American Tower’s Baa3 rating affirmed by Moody’s, outlook upgraded to positive

Investing.com -- Moody’s Ratings has affirmed the Baa3 senior unsecured rating and (P)Baa3 senior unsecured shelf rating of American Tower Corporation (NYSE: AMT ), a leading real estate investment trust (REIT). In addition, the rating agency has upgraded the company’s outlook to positive from stable.

This affirmation reflects the REIT’s strong position in the global wireless infrastructure market, its steady revenue and income stream, robust fixed charge coverage, and excellent liquidity.

The upgraded outlook is due to Moody’s expectation of improved earnings stability for American Tower over the next one to two years. This improvement is anticipated to be supported by the company’s strategic shift towards developed markets and data centers, and reduced exposure to emerging markets. The REIT’s improved leverage metrics since the end of 2023 and its disciplined approach to capital allocation also contribute to the positive outlook.

The Baa3 ratings for American Tower are based on its extensive and diverse portfolio of tower assets and stable cash flows from long-term tenant leases with strong counterparties. However, the ratings also consider the REIT’s significant tenant concentration, long-term risks from technological transformation, and potential for pressure on margins due to exposure to ground leases.

American Tower’s portfolio includes approximately 42,000 tower sites in the U.S. and 107,000 internationally. The properties are primarily leased to large wireless carriers in different regions. The expansion of 5G networks and increased data usage are expected to drive demand for tower capacity and support tenant retention.

In recent quarters, American Tower has exited several emerging markets, including India, Australia/New Zealand, and the fiber operations in South Africa. The proceeds were primarily used to pay down debt and fund growth in developed markets.

As of the first quarter of 2025, American Tower’s net debt to EBITDA and effective leverage ratios were 5.6x and 62.2%, showing improvement with the reduction in debt. The net debt to EBITDA is expected to remain in the 5-5.5x range and effective leverage close to the current level. Income growth over the next two years will help the REIT maintain its fixed charge coverage ratio in the low 4x range despite higher coupon for refinanced debt.
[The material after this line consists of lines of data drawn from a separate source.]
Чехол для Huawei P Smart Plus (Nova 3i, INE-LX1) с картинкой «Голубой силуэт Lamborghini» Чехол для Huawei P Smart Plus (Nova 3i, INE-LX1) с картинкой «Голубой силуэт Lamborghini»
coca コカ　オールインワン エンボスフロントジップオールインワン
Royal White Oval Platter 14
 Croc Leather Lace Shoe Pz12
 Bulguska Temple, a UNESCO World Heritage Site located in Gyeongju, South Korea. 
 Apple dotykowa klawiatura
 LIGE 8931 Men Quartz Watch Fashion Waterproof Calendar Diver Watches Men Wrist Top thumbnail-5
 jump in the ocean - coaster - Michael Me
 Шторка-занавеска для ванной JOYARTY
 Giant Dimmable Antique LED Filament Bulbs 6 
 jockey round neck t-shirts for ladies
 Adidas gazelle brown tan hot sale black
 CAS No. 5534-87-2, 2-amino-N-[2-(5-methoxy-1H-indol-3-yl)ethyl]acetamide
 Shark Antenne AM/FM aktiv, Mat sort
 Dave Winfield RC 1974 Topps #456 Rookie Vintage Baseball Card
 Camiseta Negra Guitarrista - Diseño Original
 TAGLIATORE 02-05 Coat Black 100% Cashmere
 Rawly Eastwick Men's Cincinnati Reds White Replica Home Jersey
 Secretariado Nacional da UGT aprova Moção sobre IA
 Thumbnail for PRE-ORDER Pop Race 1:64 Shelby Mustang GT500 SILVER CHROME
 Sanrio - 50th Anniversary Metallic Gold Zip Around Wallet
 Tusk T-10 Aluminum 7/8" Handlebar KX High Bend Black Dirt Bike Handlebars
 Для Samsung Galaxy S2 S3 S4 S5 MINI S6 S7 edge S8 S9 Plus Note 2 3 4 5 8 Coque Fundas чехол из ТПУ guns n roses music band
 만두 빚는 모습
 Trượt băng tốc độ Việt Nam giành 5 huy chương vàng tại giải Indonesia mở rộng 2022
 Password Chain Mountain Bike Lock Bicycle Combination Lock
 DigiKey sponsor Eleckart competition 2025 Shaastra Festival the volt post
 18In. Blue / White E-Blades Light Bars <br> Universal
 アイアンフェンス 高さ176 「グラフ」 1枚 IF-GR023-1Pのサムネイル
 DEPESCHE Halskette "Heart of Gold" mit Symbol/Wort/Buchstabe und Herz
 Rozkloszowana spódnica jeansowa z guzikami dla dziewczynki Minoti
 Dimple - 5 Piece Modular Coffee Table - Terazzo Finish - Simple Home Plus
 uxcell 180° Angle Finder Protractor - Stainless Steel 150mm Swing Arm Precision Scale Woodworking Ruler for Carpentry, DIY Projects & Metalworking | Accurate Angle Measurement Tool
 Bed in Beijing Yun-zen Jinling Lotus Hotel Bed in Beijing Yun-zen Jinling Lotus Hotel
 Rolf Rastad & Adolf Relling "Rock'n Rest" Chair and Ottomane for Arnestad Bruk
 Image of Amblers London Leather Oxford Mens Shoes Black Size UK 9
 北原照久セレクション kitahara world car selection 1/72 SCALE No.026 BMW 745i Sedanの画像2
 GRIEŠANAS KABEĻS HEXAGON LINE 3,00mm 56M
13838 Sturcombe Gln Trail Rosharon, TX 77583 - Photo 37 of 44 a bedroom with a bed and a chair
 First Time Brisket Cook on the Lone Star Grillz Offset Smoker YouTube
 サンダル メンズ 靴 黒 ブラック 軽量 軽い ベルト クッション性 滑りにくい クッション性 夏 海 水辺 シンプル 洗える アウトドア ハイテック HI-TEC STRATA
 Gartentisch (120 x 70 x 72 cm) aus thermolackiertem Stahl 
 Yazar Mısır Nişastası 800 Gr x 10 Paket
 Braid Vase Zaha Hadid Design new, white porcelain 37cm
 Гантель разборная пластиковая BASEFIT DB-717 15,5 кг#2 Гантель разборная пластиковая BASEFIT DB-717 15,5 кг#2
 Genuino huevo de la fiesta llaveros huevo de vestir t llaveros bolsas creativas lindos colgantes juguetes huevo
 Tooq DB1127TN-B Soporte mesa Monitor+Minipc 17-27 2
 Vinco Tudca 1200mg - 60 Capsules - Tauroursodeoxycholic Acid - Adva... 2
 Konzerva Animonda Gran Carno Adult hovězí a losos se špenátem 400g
American Tower’s liquidity is strong with 96% availability on its two revolving credit facilities with an aggregate capacity of $10 billion. The REIT is expected to refinance most of its remaining debt maturities in 2025 and 2026, $5.7 billion in total, with new unsecured debt. The company has shown good access to capital, having issued $4.6 billion of new debt in 2024 and year-to-date 2025.

American Tower’s ratings could be upgraded if it maintains strong operating metrics, including high tenant retention and stable cash flow growth, while sustaining fixed charge coverage above 4.0x and net debt to EBITDA below 5.5x. Continued execution of its strategy and growth in developed market assets would also support an upgrade.

A downgrade is unlikely given the positive outlook. However, it could occur if operating performance weakens significantly, leverage increases above 6.5x on a sustained basis, or tenant credit quality deteriorates significantly.